Chung Sung-jun | Getty Images News | Getty Images
South Korean President Yoon Suk Yeol and White House Indo-Pacific Coordinator Kurt Campbell met in Seoul Tuesday for the Nuclear Consultative Group’s (NCG) inaugural meeting.
Cha said the aim of the meeting is for the U.S. to show South Korea a “look inside the nuclear box,” and to garner confidence that the U.S. is committed to defending South Korea against North Korea with its nuclear capabilities.
The meeting comes almost three months after U.S. President Joe Biden and Yoon issued the Washington Declaration.
Under the Washington Declaration, the U.S. will not send nuclear weapons to South Korea, but will instead increase the number of military weapons and vehicles it sends to the country temporarily.
South Korea’s relationship with China
China has voiced concerns that the NCG will potentially lead to an arms race and instability in the Korean peninsula.
But Cha said the U.S. is just being “proactive” rather than “provocative.”
“China doesn’t like anything that the United States does with its allies to make the alliance stronger … The Chinese will always frame this as being threatening to their interest because they would like to dismantle the U.S. alliance system,” he said.

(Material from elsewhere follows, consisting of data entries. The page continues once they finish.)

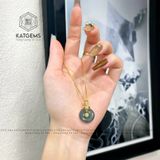  Mặt Dây Chuyền Đồng Điếu Lam Ngọc Móc Hồ Ly Kim Tiền Vàng Trang Sức Đường Kính 15li Dày 4mm (Không Kén Mệnh) 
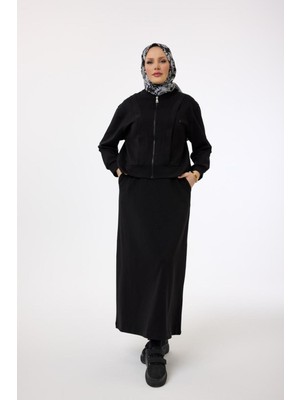Suede Style 6156 - Şık Rahat Kadın Etekli Ceket Takımı
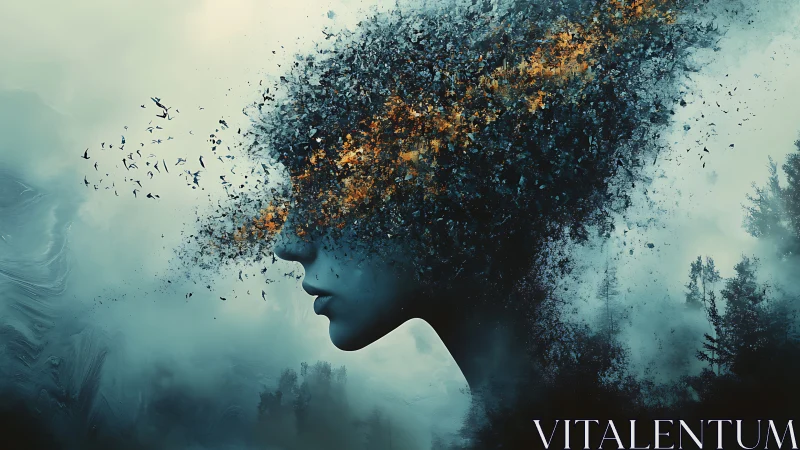 Fragmented female profile dissolves into particle storm and birds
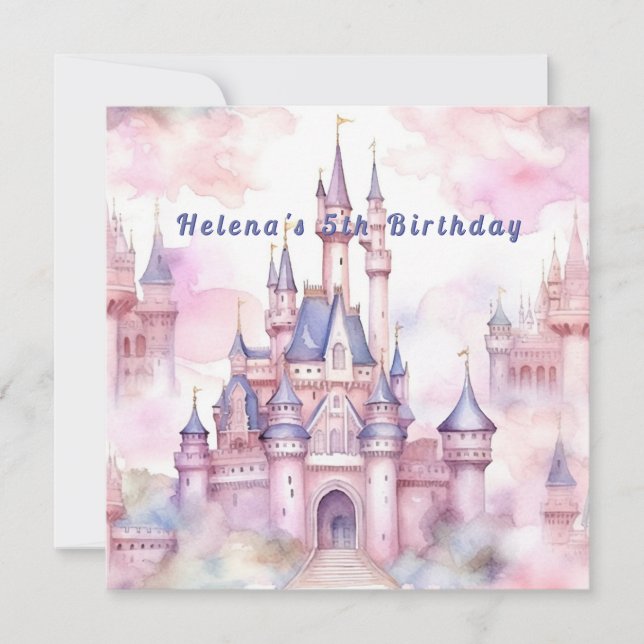 Princess Castle Pink Purple Birthday Invitation (Front)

“If the U.S. alliance system were to break down in Asia, this would have huge ramifications not just in the security realm, but also in the economic and financial realm,” Cha added.
Despite their different views, South Korea still strives for a good relationship with China, its most important economic partner.
South Korea wants a relationship that’s based on mutual respect, which means “they don’t want the Chinese dictating to them how it can manage its own sovereign security,” Cha said.